Powell proposed 02-33 but such a radical change met a lot of opposition so no action was taken. Then in 2004, VZ and SBC filed forbearance petitions, asking for basically the same thing. Forbearance petitions take effect unless the FCC acts. The Martin FCC then acted last summer, granting the petitions and approving 02-33, effective one year hence (though VZ has asked to hurry it). So no common carriage any more. ILECs can offer enhanced services without offering the underying service to other enhanced service providers. That is what led to the Network Neutrality debate: The threat that customers could switch to other ISPs was a powerful incentive to keep the Internet open. With that threat gone, the ILECs can commence modeling their monopoly ISPs after their Wireless Web abominations.
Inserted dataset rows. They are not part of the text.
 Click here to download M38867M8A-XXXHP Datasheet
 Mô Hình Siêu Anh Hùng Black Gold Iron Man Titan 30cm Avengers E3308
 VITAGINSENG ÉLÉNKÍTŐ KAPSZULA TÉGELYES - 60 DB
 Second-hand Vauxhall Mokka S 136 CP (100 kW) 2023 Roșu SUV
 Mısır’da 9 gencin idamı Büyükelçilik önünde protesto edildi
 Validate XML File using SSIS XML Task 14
BTW, the FCC's pathetically-weak excuse was that the Supreme Courts' decision in Brand X led to it, but if you actually read Brand X, you'll know that it said just the opposite. Brand X held that the FCC was just barely within their allowable "Chevron deference" when they made a weak decision to not regulated cable modems as common carriers, and that it was therefore tolerable to have cable and ILECs regulated differently. It explicitly did not rule on the abolition of common carriage for ILECs.
standardsarefun 12/5/2012 | 4:04:01 AM
re: Net Neutrality Debate Wydens While the debate runs over here on the LightReading site it is fun to notice the report on Unstrung that Google is to team with EarthLink to promote a WiFi service that has a two tier fee structure!
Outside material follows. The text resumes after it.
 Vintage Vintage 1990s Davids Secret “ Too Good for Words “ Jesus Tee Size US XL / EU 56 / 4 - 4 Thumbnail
See http://www.unstrung.com/docume...

Of course, this is two tier from the user vewpoint (free for basic or pay for better) but the next step would be "let advertisers pay for better service to users"...
rjs 12/5/2012 | 4:04:00 AM
re: Net Neutrality Debate Wydens I believe message#6 by fgolstein
very clearly explains the ramifications of
violating net neutrality."CONTENT NEUTRAL" as fgolstein puts it should be the mantra.

The QoS etc are just red herrings thrown by the ILECS and lobbyists. Bits should be priced as bits
and not not the value of the content.

If we let the ILECs get their way, we will keep living in telecommunication dark ages.